Thursday, January 31, 2013

Pump Faking

There are those overachievers like Jonah Lehrer who fear they’ve been promoted beyond their levels of competence. So they cheat to stay there and typically cave under the pressure of performing consistently on the big stage. Jonah Lehrer's most incriminating quote was, “I'm vaguely aware that people wrote books before Google existed, but I have no idea how.” In those words he essentially admitted his ignorance of journalism. In my opinion,  for one thing self-plagiarism is not the same as plagiarism, Lehrer is unlikely to demand that The New Yorker retract his own stories. Still, it’s not a victimless crime. Lehrer’s readers deserve to know whether the stuff he’s representing as new material was previously published. Regardless, his New Yorker editors surely won’t appreciate that he’s been passing off old copy as brand new. 

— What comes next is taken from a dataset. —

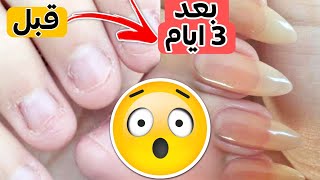 طولي اظافر في 3 ايام وصفة لتطويل الاظافر مجربة و مضمونه 100% لتبييض و لمعان أظافرك من اول مره 🔥🤍✨️ screenshot 3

Lehrer, clearly found it all too easy to Google himself and the material he found what most of us do. He recycled it, again and again in different publications. When his own words seemed inadequate to make a point in his blogs, he borrowed the ideas of other writers as if they were his own. And when if that wasn’t sufficient enough for him he would simply just make up words. Some people, such as myself may ask what’s the big deal in the wake of this controversy. Also, why was it wrong for Lehrer to recycle his own work from one publication to another via Google? After analysing from a scholarly perspective I have accepted two reasons of the misused information's impact. 

First, readers expect the words they are reading are written specifically for them unless they are informed otherwise. To give them words written for another publication cheats them. This compares to the same way that a college student is considered a cheat who submits the same paper to satisfy the requirements of different classes. The second reason this is wrong is legalistic, but important copyright laws. Virtually every issue of every newspaper and magazine published is copyrighted by the publisher, typically a corporation. The articles belong to the publisher, not the writer. For a writer to recycle those words in another publication amounts to plagiarism and the misuse of discourse. It can be concluded that Lehrer isn’t a journalist. Yes, the publications where his work appeared employed journalists. And what he wrote most of the time looked like journalism. Regardless, he didn’t learn the most fundamental lessons of journalism And despite his years of elite education.